> THE TASK: The full set of records must be printed exactly as given.

> EXERCISE MATERIALS:

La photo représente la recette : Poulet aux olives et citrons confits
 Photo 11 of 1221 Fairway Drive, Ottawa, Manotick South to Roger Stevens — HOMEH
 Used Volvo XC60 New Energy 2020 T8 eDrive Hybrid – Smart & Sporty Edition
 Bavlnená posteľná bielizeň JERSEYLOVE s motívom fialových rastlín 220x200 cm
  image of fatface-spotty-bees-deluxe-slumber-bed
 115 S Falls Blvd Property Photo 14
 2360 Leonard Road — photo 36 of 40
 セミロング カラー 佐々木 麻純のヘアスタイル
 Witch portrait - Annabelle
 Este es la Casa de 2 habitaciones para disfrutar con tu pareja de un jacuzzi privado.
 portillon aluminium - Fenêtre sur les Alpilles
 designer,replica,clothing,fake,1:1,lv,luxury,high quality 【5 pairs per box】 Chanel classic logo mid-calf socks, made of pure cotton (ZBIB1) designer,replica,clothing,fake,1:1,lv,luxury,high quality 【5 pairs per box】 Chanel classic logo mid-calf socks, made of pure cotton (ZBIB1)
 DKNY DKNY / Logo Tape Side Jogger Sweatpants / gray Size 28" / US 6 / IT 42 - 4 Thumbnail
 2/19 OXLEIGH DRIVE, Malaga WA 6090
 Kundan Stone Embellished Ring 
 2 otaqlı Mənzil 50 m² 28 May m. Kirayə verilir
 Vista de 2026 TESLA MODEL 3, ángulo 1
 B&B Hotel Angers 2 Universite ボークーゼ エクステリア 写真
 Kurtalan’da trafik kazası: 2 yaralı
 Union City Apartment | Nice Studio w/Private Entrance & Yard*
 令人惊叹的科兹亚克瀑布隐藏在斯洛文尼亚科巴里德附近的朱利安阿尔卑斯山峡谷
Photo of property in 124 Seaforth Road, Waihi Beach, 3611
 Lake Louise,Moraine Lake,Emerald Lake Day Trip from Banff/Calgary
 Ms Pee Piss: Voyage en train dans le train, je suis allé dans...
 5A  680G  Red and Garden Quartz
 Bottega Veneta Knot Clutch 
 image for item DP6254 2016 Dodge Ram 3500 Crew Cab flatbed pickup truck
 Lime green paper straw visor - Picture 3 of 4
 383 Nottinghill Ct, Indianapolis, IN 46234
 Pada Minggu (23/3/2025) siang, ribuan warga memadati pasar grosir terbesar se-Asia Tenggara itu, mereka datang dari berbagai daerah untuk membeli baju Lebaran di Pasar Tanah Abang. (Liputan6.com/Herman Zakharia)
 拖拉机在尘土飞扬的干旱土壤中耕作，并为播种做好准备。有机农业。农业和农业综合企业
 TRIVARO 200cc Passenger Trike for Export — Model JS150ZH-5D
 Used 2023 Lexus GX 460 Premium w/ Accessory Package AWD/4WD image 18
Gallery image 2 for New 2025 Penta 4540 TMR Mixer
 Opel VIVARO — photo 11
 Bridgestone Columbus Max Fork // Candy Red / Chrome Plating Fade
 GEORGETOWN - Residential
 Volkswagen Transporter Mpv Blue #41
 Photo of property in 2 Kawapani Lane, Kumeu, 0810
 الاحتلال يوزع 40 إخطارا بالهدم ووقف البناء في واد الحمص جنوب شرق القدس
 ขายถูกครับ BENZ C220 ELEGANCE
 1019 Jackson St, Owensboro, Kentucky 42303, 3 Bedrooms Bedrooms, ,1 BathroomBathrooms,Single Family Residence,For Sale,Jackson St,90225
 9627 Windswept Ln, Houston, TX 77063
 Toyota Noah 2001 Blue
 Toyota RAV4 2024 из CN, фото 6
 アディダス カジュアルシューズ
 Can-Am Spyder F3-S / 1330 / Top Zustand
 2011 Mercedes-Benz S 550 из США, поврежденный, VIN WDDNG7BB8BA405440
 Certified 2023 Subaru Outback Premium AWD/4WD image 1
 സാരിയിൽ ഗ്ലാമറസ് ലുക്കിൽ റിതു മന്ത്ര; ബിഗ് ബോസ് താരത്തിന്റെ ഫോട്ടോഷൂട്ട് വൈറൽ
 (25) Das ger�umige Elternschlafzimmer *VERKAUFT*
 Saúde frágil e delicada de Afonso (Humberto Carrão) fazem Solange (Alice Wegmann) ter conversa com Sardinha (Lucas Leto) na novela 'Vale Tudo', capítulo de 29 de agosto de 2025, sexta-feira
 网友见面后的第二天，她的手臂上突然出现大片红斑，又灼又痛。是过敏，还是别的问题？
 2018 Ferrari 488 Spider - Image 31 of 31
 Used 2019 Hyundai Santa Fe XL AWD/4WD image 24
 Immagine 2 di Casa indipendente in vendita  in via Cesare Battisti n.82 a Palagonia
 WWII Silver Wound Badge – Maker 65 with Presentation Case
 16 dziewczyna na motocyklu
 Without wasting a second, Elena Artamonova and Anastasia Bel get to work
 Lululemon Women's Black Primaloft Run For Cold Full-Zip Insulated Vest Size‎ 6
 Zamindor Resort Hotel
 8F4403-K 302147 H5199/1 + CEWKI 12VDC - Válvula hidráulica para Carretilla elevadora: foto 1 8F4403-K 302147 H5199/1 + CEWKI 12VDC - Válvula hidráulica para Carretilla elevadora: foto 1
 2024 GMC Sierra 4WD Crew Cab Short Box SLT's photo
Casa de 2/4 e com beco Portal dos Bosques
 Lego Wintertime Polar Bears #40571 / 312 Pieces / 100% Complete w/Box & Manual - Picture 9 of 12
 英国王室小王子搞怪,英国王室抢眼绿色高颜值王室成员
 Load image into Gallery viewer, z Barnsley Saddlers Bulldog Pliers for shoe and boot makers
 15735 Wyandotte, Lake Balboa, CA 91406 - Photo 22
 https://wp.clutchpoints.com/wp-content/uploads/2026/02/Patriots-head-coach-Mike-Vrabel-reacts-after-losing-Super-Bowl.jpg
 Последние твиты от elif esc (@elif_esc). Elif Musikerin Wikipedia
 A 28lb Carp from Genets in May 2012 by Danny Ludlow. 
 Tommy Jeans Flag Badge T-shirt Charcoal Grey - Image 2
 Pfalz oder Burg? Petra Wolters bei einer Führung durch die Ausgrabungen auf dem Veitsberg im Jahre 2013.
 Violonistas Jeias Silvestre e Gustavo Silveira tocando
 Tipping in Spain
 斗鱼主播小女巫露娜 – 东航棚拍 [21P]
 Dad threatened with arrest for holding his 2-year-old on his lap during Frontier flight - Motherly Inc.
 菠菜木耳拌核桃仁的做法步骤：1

> WRITTEN RESPONSE:
La photo représente la recette : Poulet aux olives et citrons confits
 Photo 11 of 1221 Fairway Drive, Ottawa, Manotick South to Roger Stevens — HOMEH
 Used Volvo XC60 New Energy 2020 T8 eDrive Hybrid – Smart & Sporty Edition
 Bavlnená posteľná bielizeň JERSEYLOVE s motívom fialových rastlín 220x200 cm
  image of fatface-spotty-bees-deluxe-slumber-bed
 115 S Falls Blvd Property Photo 14
 2360 Leonard Road — photo 36 of 40
 セミロング カラー 佐々木 麻純のヘアスタイル
 Witch portrait - Annabelle
 Este es la Casa de 2 habitaciones para disfrutar con tu pareja de un jacuzzi privado.
 portillon aluminium - Fenêtre sur les Alpilles
 designer,replica,clothing,fake,1:1,lv,luxury,high quality 【5 pairs per box】 Chanel classic logo mid-calf socks, made of pure cotton (ZBIB1) designer,replica,clothing,fake,1:1,lv,luxury,high quality 【5 pairs per box】 Chanel classic logo mid-calf socks, made of pure cotton (ZBIB1)
 DKNY DKNY / Logo Tape Side Jogger Sweatpants / gray Size 28" / US 6 / IT 42 - 4 Thumbnail
 2/19 OXLEIGH DRIVE, Malaga WA 6090
 Kundan Stone Embellished Ring 
 2 otaqlı Mənzil 50 m² 28 May m. Kirayə verilir
 Vista de 2026 TESLA MODEL 3, ángulo 1
 B&B Hotel Angers 2 Universite ボークーゼ エクステリア 写真
 Kurtalan’da trafik kazası: 2 yaralı
 Union City Apartment | Nice Studio w/Private Entrance & Yard*
 令人惊叹的科兹亚克瀑布隐藏在斯洛文尼亚科巴里德附近的朱利安阿尔卑斯山峡谷
Photo of property in 124 Seaforth Road, Waihi Beach, 3611
 Lake Louise,Moraine Lake,Emerald Lake Day Trip from Banff/Calgary
 Ms Pee Piss: Voyage en train dans le train, je suis allé dans...
 5A  680G  Red and Garden Quartz
 Bottega Veneta Knot Clutch 
 image for item DP6254 2016 Dodge Ram 3500 Crew Cab flatbed pickup truck
 Lime green paper straw visor - Picture 3 of 4
 383 Nottinghill Ct, Indianapolis, IN 46234
 Pada Minggu (23/3/2025) siang, ribuan warga memadati pasar grosir terbesar se-Asia Tenggara itu, mereka datang dari berbagai daerah untuk membeli baju Lebaran di Pasar Tanah Abang. (Liputan6.com/Herman Zakharia)
 拖拉机在尘土飞扬的干旱土壤中耕作，并为播种做好准备。有机农业。农业和农业综合企业
 TRIVARO 200cc Passenger Trike for Export — Model JS150ZH-5D
 Used 2023 Lexus GX 460 Premium w/ Accessory Package AWD/4WD image 18
Gallery image 2 for New 2025 Penta 4540 TMR Mixer
 Opel VIVARO — photo 11
 Bridgestone Columbus Max Fork // Candy Red / Chrome Plating Fade
 GEORGETOWN - Residential
 Volkswagen Transporter Mpv Blue #41
 Photo of property in 2 Kawapani Lane, Kumeu, 0810
 الاحتلال يوزع 40 إخطارا بالهدم ووقف البناء في واد الحمص جنوب شرق القدس
 ขายถูกครับ BENZ C220 ELEGANCE
 1019 Jackson St, Owensboro, Kentucky 42303, 3 Bedrooms Bedrooms, ,1 BathroomBathrooms,Single Family Residence,For Sale,Jackson St,90225
 9627 Windswept Ln, Houston, TX 77063
 Toyota Noah 2001 Blue
 Toyota RAV4 2024 из CN, фото 6
 アディダス カジュアルシューズ
 Can-Am Spyder F3-S / 1330 / Top Zustand
 2011 Mercedes-Benz S 550 из США, поврежденный, VIN WDDNG7BB8BA405440
 Certified 2023 Subaru Outback Premium AWD/4WD image 1
 സാരിയിൽ ഗ്ലാമറസ് ലുക്കിൽ റിതു മന്ത്ര; ബിഗ് ബോസ് താരത്തിന്റെ ഫോട്ടോഷൂട്ട് വൈറൽ
 (25) Das ger�umige Elternschlafzimmer *VERKAUFT*
 Saúde frágil e delicada de Afonso (Humberto Carrão) fazem Solange (Alice Wegmann) ter conversa com Sardinha (Lucas Leto) na novela 'Vale Tudo', capítulo de 29 de agosto de 2025, sexta-feira
 网友见面后的第二天，她的手臂上突然出现大片红斑，又灼又痛。是过敏，还是别的问题？
 2018 Ferrari 488 Spider - Image 31 of 31
 Used 2019 Hyundai Santa Fe XL AWD/4WD image 24
 Immagine 2 di Casa indipendente in vendita  in via Cesare Battisti n.82 a Palagonia
 WWII Silver Wound Badge – Maker 65 with Presentation Case
 16 dziewczyna na motocyklu
 Without wasting a second, Elena Artamonova and Anastasia Bel get to work
 Lululemon Women's Black Primaloft Run For Cold Full-Zip Insulated Vest Size‎ 6
 Zamindor Resort Hotel
 8F4403-K 302147 H5199/1 + CEWKI 12VDC - Válvula hidráulica para Carretilla elevadora: foto 1 8F4403-K 302147 H5199/1 + CEWKI 12VDC - Válvula hidráulica para Carretilla elevadora: foto 1
 2024 GMC Sierra 4WD Crew Cab Short Box SLT's photo
Casa de 2/4 e com beco Portal dos Bosques
 Lego Wintertime Polar Bears #40571 / 312 Pieces / 100% Complete w/Box & Manual - Picture 9 of 12
 英国王室小王子搞怪,英国王室抢眼绿色高颜值王室成员
 Load image into Gallery viewer, z Barnsley Saddlers Bulldog Pliers for shoe and boot makers
 15735 Wyandotte, Lake Balboa, CA 91406 - Photo 22
 https://wp.clutchpoints.com/wp-content/uploads/2026/02/Patriots-head-coach-Mike-Vrabel-reacts-after-losing-Super-Bowl.jpg
 Последние твиты от elif esc (@elif_esc). Elif Musikerin Wikipedia
 A 28lb Carp from Genets in May 2012 by Danny Ludlow. 
 Tommy Jeans Flag Badge T-shirt Charcoal Grey - Image 2
 Pfalz oder Burg? Petra Wolters bei einer Führung durch die Ausgrabungen auf dem Veitsberg im Jahre 2013.
 Violonistas Jeias Silvestre e Gustavo Silveira tocando
 Tipping in Spain
 斗鱼主播小女巫露娜 – 东航棚拍 [21P]
 Dad threatened with arrest for holding his 2-year-old on his lap during Frontier flight - Motherly Inc.
 菠菜木耳拌核桃仁的做法步骤：1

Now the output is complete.